Советский Союз, прошедший в течение своей истории целый ряд радикальных поворотов, был крайне противоречивым историческим феноменом, включавшим как наследие европейского Просвещения, так и традиции византийской автократии; как социально-освободительный порыв, так и бюрократическую косность; как репрессии, так и социальную мобильность; как динамизм, так и консерватизм; как развитие, так и застой. Однако именно в новой России все эти элементы с неизбежностью снова приходят в движение и по-своему расщепляются. В этом смысле идеологическая борьба 2010-х годов разворачивается не только и не столько вокруг оценки СССР («за» советский опыт или «против» него), но, скорее, как борьба за советское наследство, борьба за то, какие элементы этого наследства окажутся значимыми и работающими в новой российской (а также в украинской, молдавской, белорусской и т. д.) реальности.
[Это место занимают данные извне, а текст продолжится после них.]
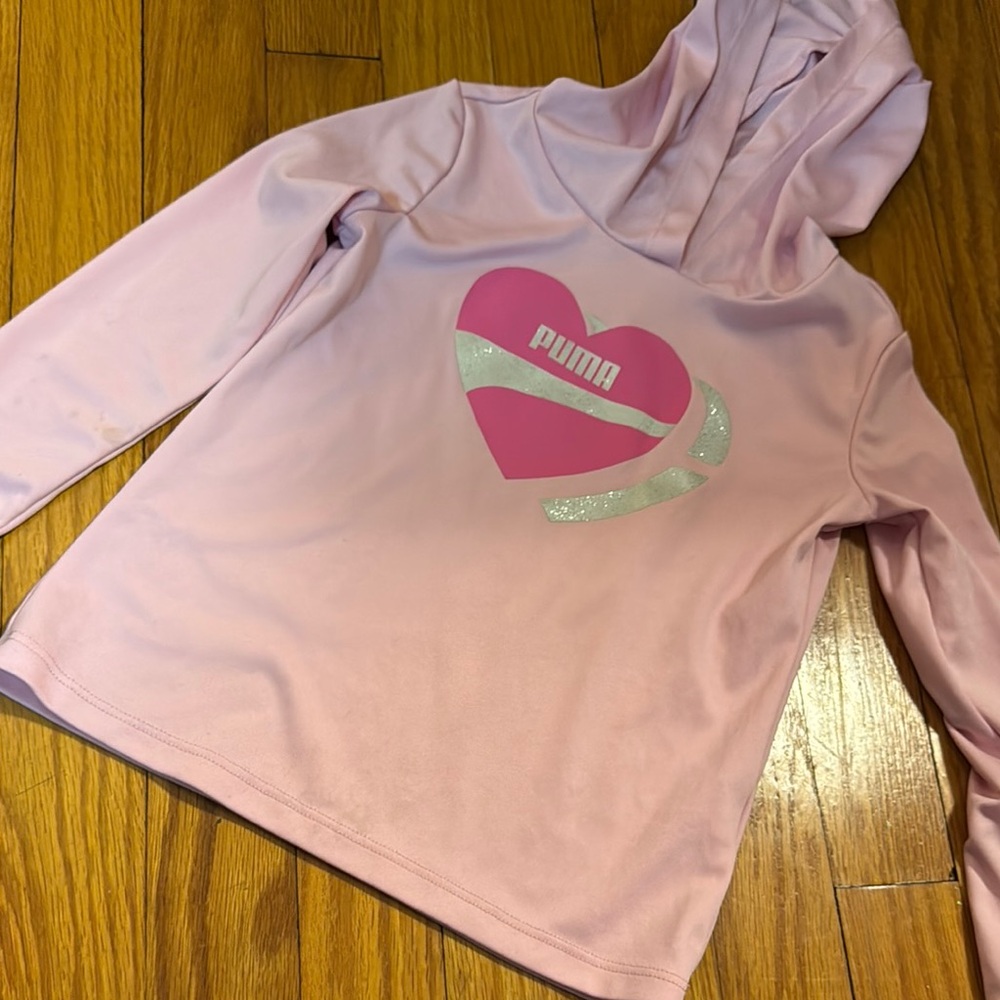 Puma Kids Pink Hoodie with Heart Design/ sun block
В свое время Ленин применительно к буржуазному обществу высказал известный тезис о «двух культурах» в каждой национальной культуре. Лидер революции доказывал, что в каждом обществе одновременно существуют прогрессивная демократическая и реакционная консервативно-иерархическая культуры, между которыми идет постоянная борьба. Парадоксальным образом эта ленинская формула оказалась в высшей степени применима и к самому советскому обществу. Однако, указывая на наличие «двух культур в одной культуре», идеолог большевизма сознательно или бессознательно избегал упоминания о диалектической связи между ними, о том, что они, находясь в противоречии и борьбе между собой, одновременно являются частями единого целого (иначе бы они и не могли сосуществовать в одном обществе и в одной культурной системе). Сегодня, когда СССР уже нет, эти две советские культуры продолжают борьбу между собой уже в опыте постсоветской капиталистической России. Культура, как это часто бывает, пережила общество, ее породившее, став частью «наследия», работающего уже в другом социально-историческом контексте. Однако именно исчезновение первоначального советского политического и экономического «целого» дает шанс на своего рода «окончательный выбор» в пользу одного или другого варианта советской традиции.
Дискуссия о прошлом становится частью политических дебатов современности, но именно конкретный анализ происходящих перемен позволит ответить на вопрос о пресловутой «уникальности» советского опыта. В противном случае дискуссия снова рискует скатиться к жонглированию идеологическими догмами и конструированию псевдоисторических мифов, что, собственно, и происходит там, где хозяевами положения оказываются те или иные фракции «системных» политиков.
Задача конференции состояла не в оправдании или разоблачении «советского», даже не в противопоставлении «прогрессивного» наследия «реакционному», а в том, чтобы осмыслить диалектику культурной практики и стихийной борьбы за культурную гегемонию, которую ведут не только оформившиеся общественно-политические силы, но и – в своем повседневном опыте – миллионы людей, даже не сознающие, что своим поведением и постоянным бытовым выбором они тоже творят историю.